State's money-saving idea goes awry

Last modified: 7/22/2011 12:00:00 AM
Putting a state budget together is a messy process borne by lawmakers and government officials working long hours in painstaking detail. But every once in a while, something gets screwed up.

When Gov. John Lynch asked Terry Smith, the head of the state Division of Family Assistance, to find reductions within his division, one of the ideas Smith proposed was counting an individual's supplemental funding through the Social Security Administration toward his or her household income when calculating how much federal assistance a low-income, single-parent family receives.

The move was budgeted to save about $8.1 million annually - $3.8 million in state money and $4.3 million in federal dollars that can be used elsewhere, Smith said. But at the moment, those savings aren't being realized, because the budget didn't include a change to state law that would allow Supplemental Security Income - which is designed to help poor people who are elderly, blind or disabled - to be counted when determining the amount of money a family receives from the Temporary Assistance for Needy Families program.

'I'm not quite sure how the mistake was made. All I know is it didn't make it into the budget bill. I think a lot of people share blame,' Smith said. Now, 'we have a lot of money that we have to spend and no money to spend. Our finance people are scrambling.'

About 6,100 families receive Temporary Assistance for Needy Families, funded by a federal block grant that also requires cost-sharing by the state. If the Supplemental Security Income is counted for the recipients, Smith said his office estimated that 1,136 TANF cases would be closed and funding to 420 families would be reduced.

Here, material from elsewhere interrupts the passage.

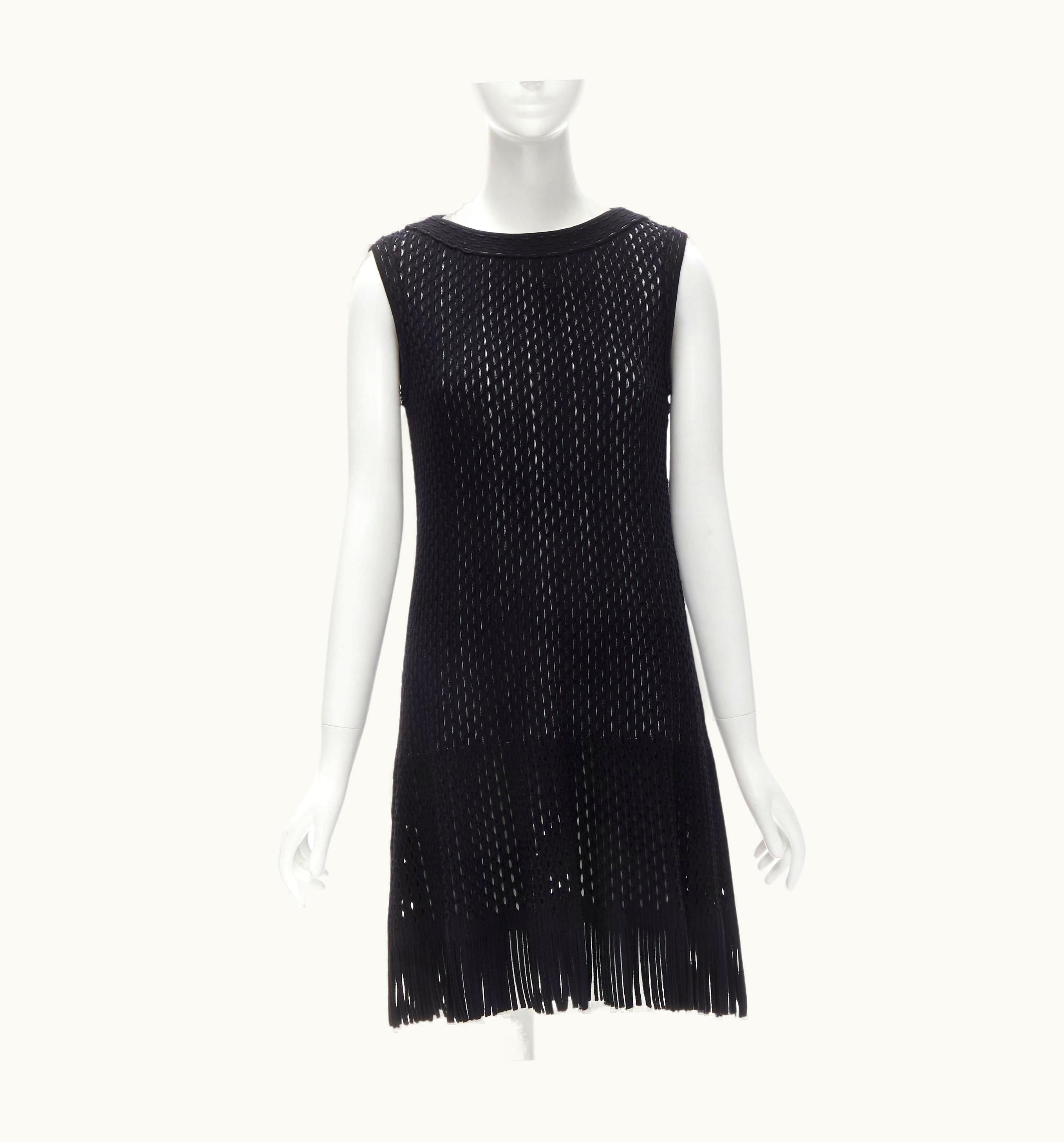 Alaia Alaia Robe Sm Courte Gladiator Black White Eyelet Knit Fringed Dress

Rep. Neal Kurk, the Weare Republican who led the creation of the House human services budget, said the House was not informed by HHS officials until the day of the budget vote that a statutory change had not been included in the budget. By that point, it was too late to include the fix.

Kurk said HHS has to find the money to continue paying the additional TANF money 'until such time as the Legislature corrects this.' That correction will probably take place sometime in the early fall when the Legislature reconvenes for a veto override session, he said.

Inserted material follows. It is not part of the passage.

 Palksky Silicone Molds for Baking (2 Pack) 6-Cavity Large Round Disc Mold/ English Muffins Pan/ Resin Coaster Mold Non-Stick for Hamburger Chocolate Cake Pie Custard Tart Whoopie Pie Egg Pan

'This is unusual,' Kurk said earlier this month. 'I don't remember anything like this happening before.'

HHS Commissioner Nick Toumpas said his department has presented lawmakers with a copy of the necessary legislation to change the law and achieve the savings. Toumpas said the change was discussed, but 'for reasons that are unclear to me, the enabling legislation didn't make it in.'

Whenever the TANF cuts take place, they will affect recipients like Stacey Sweet. A 45-year-old single mother who lives on the Heights, Sweet receives $287.50 per month in Supplemental Security Income for her 11-year-old daughter, Rachel, who received a lung transplant as a baby. Sweet has a law degree from the former Franklin Pierce Law Center but hasn't worked since her daughter was born, because Rachel is frequently sick as a result of the immunosuppressants she takes.

If the SSI money is counted toward Sweet's monthly income - namely, about $600 in child support payments - she said her $464 in monthly TANF funding would likely go down by at least $100.

It's a hit that Sweet says will strain her budget even further.

'Right now, honestly, I'm living in the red every month anyway,' she said.

Though it was Smith's proposal to lower the amount of TANF money given to recipients of SSI, he said that does not mean he agrees with the cuts.

'We had targets to meet, and we were forced to come up with ideas on how to meet those,' he said.